YOUR INSTRUCTIONS: In the records below, find the line that contains "14k yellow gold" and the line that contains "AiTyi 女士大码休闲裤，时尚性感修身款，适合毕业典礼、返校季及所有季节，罗纹腰带和喇叭裤脚针织长裤，黑色，春季款 - 黑色"; write out exactly those two lines and everything between them, without the pictures.

INPUT:
====================

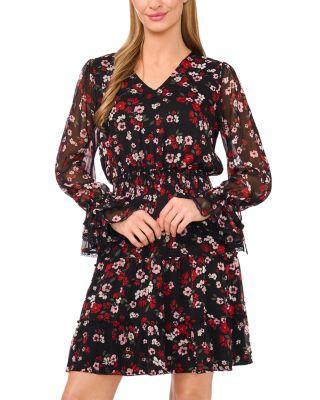 V Neck Balloon Sleeve Dress by CECE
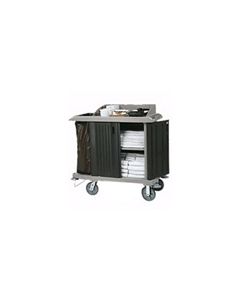 Rubbermaid 6192 Compact Housekeeping Cart with Doors, Vinyl Bag, Bumpers and Vacuum Holder - Platinum in Color
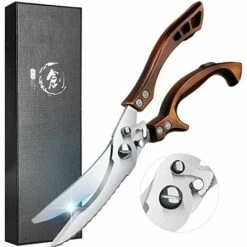 BENOBBY KIDS Geflügelschere, Robuste Küchenschere Mit Wellenschliff, Rostfrei, Federbelastet, Mehrzweck-Edelstahl-Küchenschere Für Huhn, Knochen, Fleisch, Truthahn, Fisch, Thanksgiving, Weihnachten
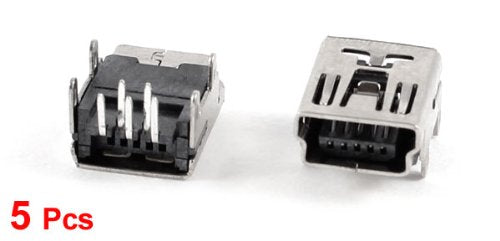 QMseller 12 PcsMini USB Type B Female Socket 5-Pin Right Angle Dip Jack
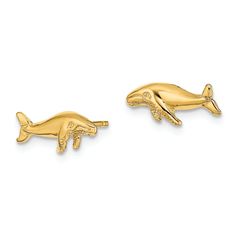 14k yellow gold whale stud earrings. Measure approximately 1/2"L x 1/16"W and have push backings. Whale Earrings, Gold Whale, Animal Earrings, Themed Jewelry, Fine Jewellery Earrings, Gold Material, Earings Piercings, Gold Earrings, Jewelry Watches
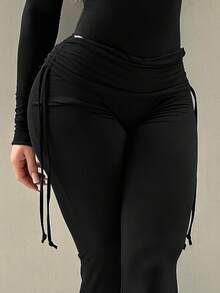 AiTyi 女士大码休闲裤，时尚性感修身款，适合毕业典礼、返校季及所有季节，罗纹腰带和喇叭裤脚针织长裤，黑色，春季款 - 黑色 - 查看 4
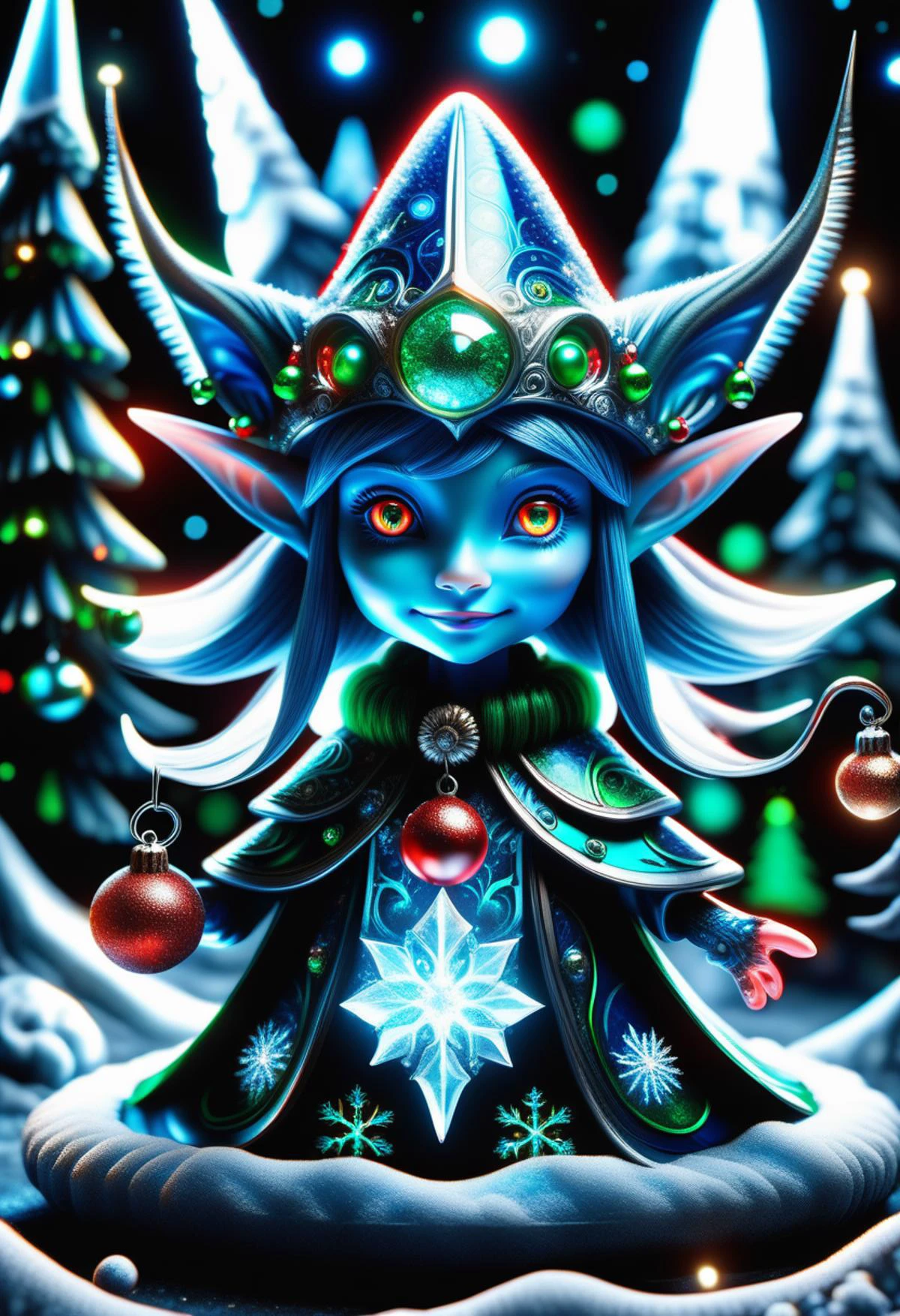 hyper detailed masterpiece, dynamic, awesome quality, blue azure midnight female christmas elf, small humanoid creature, pointed ears, bright and festive attire, red, green, holiday colors, pointed hat with a bell on the tip, merry cheerful expression, rosy cheeks, lively eyes, joyful, industrious, and benevolent, menacing mansion,salmon spore print lava order topaz moon,flowing seafloor volumetric lighting,equinox, injurious,simulated environments,weather patterns,advanced,digital world,gloomy,waste byproduct,deteriorating,repressive <lora:DonMFr0stP4nkXL:0.55> DonMFr0stP4nkXL, ice, snow, frost <lora:DonMT3chW0rldXL-000009:0.55> DonMT3chW0rldXL <lora:SDXLFrosted:0.55> FrostedStyle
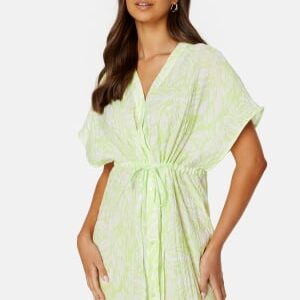 VILA Limia Maya S/S Midi Dress Lettuce Green AOP:Ma 42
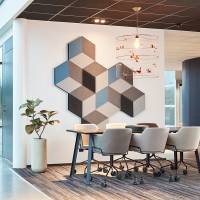 Cubism lydabsorbent vægabsorbent Ash, pakke med 12 paneler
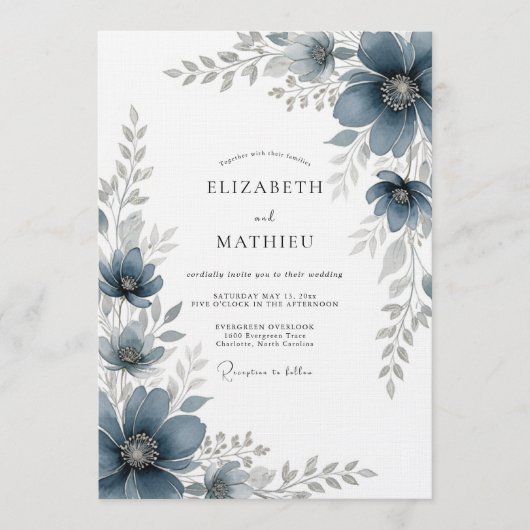 Invitation Slate Blue Painterly Romance Wedding (Devant)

====================

OUTPUT FOR THIS TASK:
 14k yellow gold whale stud earrings. Measure approximately 1/2"L x 1/16"W and have push backings. Whale Earrings, Gold Whale, Animal Earrings, Themed Jewelry, Fine Jewellery Earrings, Gold Material, Earings Piercings, Gold Earrings, Jewelry Watches
 AiTyi 女士大码休闲裤，时尚性感修身款，适合毕业典礼、返校季及所有季节，罗纹腰带和喇叭裤脚针织长裤，黑色，春季款 - 黑色 - 查看 4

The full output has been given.